From d80e6016025052eb616c295c5b9240e1baf94df7 Mon Sep 17 00:00:00 2001
From: qyh111 <qiuyuhao1@huawei.com>
Date: Sat, 9 May 2026 06:33:23 +0000
Subject: [PATCH 2/2] [Feat]Adapt Deepseek-V4-Flash on ascend and cuda

---
 ucm/integration/vllm/ucm_connector.py | 520 ++++++++++++++++++--------
 1 file changed, 362 insertions(+), 158 deletions(-)

diff --git a/ucm/integration/vllm/ucm_connector.py b/ucm/integration/vllm/ucm_connector.py
index bf7268457..0cd480b8d 100644
--- a/ucm/integration/vllm/ucm_connector.py
+++ b/ucm/integration/vllm/ucm_connector.py
@@ -21,6 +21,14 @@
 from vllm.model_executor.models.utils import extract_layer_index
 from vllm.platforms import current_platform
 from vllm.v1.core.sched.output import SchedulerOutput
+from vllm.v1.kv_cache_interface import (
+    FullAttentionSpec,
+    KVCacheConfig,
+    KVCacheSpec,
+    MambaSpec,
+    SlidingWindowSpec,
+    UniformTypeKVCacheSpecs,
+)
 
 from ucm.integration.vllm.device import create_device
 from ucm.logger import init_logger
@@ -29,14 +37,6 @@
 from ucm.store.factory_v1 import UcmConnectorFactoryV1
 from ucm.store.ucmstore_v1 import Task, UcmKVStoreBaseV1
 from ucm.utils import Config
-from vllm.v1.kv_cache_interface import (
-    KVCacheConfig,
-    KVCacheSpec,
-    FullAttentionSpec,
-    MambaSpec,
-    SlidingWindowSpec,
-    UniformTypeKVCacheSpecs,
-)
 
 if TYPE_CHECKING:
     from vllm.attention.backends.abstract import AttentionMetadata
@@ -95,7 +95,11 @@ class RequestDispatchMeta:
 
 class KVCacheLayout:
     def __init__(
-        self, kvcaches, ucm_config: dict, vllm_config: "VllmConfig", kv_cache_config: "KVCacheConfig"
+        self,
+        kvcaches,
+        ucm_config: dict,
+        vllm_config: "VllmConfig",
+        kv_cache_config: "KVCacheConfig",
     ) -> None:
         # each row is a layer, each column is a tensor_size/ptr in the layer (e.g., k, v, rope, k_index)

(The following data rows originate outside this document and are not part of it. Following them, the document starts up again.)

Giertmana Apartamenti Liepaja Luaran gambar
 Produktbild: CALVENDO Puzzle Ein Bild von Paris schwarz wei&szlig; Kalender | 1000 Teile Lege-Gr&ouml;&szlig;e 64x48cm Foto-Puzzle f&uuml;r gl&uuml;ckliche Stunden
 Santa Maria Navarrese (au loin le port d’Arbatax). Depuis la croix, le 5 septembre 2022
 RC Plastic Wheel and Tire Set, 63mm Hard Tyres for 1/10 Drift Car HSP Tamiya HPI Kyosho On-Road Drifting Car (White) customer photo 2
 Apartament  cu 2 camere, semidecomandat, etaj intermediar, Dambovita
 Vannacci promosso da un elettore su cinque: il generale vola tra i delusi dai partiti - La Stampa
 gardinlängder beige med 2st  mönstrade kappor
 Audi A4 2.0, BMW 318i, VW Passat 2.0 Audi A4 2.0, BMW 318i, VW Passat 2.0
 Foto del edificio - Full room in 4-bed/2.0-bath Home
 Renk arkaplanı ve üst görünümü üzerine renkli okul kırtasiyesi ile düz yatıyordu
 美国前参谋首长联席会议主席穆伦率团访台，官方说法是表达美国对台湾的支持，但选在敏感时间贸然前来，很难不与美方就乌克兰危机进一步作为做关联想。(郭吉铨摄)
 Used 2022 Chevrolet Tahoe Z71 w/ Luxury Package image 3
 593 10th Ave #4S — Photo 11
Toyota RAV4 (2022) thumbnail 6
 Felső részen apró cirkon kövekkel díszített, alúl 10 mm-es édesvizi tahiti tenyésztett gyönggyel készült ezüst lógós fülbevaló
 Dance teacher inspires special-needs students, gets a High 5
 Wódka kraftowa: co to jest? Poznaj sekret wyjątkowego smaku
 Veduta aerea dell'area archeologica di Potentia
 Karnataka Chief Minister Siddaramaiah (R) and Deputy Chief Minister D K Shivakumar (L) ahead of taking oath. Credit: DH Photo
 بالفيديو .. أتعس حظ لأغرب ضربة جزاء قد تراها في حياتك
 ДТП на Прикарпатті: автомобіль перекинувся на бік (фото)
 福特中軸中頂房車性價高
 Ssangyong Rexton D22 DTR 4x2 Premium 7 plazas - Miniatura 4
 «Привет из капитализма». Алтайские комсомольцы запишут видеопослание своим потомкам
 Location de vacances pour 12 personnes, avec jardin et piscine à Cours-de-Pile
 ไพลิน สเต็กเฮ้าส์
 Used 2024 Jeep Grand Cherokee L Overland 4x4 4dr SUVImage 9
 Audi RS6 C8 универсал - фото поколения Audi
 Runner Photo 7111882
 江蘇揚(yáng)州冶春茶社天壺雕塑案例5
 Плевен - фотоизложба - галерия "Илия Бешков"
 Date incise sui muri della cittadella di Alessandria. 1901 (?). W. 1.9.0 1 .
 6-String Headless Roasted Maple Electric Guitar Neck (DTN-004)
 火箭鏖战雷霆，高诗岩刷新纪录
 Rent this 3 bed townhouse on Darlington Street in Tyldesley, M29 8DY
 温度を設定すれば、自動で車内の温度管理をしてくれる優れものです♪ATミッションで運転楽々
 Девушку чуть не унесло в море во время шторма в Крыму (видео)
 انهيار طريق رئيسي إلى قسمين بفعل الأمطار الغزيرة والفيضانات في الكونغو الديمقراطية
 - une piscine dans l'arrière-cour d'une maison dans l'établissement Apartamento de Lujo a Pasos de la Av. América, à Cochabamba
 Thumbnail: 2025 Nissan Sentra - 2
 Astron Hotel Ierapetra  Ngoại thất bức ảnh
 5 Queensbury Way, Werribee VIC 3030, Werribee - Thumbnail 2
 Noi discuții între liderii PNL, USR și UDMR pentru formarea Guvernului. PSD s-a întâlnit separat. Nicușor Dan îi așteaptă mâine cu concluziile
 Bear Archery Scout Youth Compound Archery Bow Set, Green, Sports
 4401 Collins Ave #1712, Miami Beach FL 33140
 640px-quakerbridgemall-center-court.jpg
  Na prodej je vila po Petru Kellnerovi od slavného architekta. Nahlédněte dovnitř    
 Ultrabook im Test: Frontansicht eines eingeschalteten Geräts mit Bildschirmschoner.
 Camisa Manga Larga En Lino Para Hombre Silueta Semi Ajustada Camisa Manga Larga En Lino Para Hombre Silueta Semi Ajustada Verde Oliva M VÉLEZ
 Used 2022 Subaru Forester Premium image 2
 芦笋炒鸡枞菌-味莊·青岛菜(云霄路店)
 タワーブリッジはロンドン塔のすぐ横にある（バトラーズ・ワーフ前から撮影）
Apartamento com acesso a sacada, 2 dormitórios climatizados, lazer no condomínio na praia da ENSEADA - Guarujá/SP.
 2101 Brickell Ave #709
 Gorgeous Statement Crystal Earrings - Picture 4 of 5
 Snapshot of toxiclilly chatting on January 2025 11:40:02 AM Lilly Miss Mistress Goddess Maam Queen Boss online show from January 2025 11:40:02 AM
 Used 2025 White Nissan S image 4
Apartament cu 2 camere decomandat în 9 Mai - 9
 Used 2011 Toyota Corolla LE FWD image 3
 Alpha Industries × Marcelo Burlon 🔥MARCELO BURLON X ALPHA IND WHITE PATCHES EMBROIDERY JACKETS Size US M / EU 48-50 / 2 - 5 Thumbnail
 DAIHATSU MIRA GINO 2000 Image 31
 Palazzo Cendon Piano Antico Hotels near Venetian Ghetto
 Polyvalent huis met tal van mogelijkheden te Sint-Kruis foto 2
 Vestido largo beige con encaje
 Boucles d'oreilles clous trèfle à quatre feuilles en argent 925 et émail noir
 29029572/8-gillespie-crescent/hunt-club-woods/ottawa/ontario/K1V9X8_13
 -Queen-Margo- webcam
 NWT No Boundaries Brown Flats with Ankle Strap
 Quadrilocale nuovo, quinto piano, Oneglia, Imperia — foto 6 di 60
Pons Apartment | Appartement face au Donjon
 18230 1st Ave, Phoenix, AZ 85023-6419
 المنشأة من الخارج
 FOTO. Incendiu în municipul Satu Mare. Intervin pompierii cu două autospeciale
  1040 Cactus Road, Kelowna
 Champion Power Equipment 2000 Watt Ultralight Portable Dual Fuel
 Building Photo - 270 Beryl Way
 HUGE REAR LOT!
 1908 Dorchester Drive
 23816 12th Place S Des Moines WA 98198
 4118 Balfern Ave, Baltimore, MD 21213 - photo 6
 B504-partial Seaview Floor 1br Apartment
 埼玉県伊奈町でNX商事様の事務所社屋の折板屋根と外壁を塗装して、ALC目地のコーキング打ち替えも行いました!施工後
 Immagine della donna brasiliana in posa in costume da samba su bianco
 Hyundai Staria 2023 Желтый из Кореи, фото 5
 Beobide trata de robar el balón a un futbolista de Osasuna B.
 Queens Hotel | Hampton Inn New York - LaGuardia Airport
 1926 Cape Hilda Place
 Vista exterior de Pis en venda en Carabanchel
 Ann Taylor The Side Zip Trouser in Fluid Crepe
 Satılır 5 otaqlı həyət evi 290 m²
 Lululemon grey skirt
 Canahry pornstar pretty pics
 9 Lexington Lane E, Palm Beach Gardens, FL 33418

         self.base_ptrs: np.ndarray  # (n_layers, n_ptrs）
@@ -113,6 +117,8 @@ def __init__(
             name: extract_layer_index(name) for name in kvcaches.keys()
         }
         self.first_layer_id = next(iter(self.layer_name_to_id.values()))
+        self.num_blocks = self.kv_cache_config.num_blocks
+        self.layer_name_to_kv_cache_spec = layer_name_to_kv_cache_spec(kv_cache_config)
         self._build_layout(kvcaches)
 
     def _build_layout(self, kvcaches):
@@ -227,8 +233,15 @@ class UCMDirectConnector(KVConnectorBase_V1):
     load -> forward -> save
     """
 
-    def __init__(self, vllm_config: "VllmConfig", role: KVConnectorRole, kv_cache_config: "KVCacheConfig"):
-        super().__init__(vllm_config=vllm_config, role=role, kv_cache_config=kv_cache_config)
+    def __init__(
+        self,
+        vllm_config: "VllmConfig",
+        role: KVConnectorRole,
+        kv_cache_config: "KVCacheConfig",
+    ):
+        super().__init__(
+            vllm_config=vllm_config, role=role, kv_cache_config=kv_cache_config
+        )
         self.use_layerwise = False
         self.kv_caches: dict[str, torch.Tensor] = {}
         self.local_rank = (
@@ -247,6 +260,9 @@ def __init__(self, vllm_config: "VllmConfig", role: KVConnectorRole, kv_cache_co
         )
         self.head_size = vllm_config.model_config.get_head_size()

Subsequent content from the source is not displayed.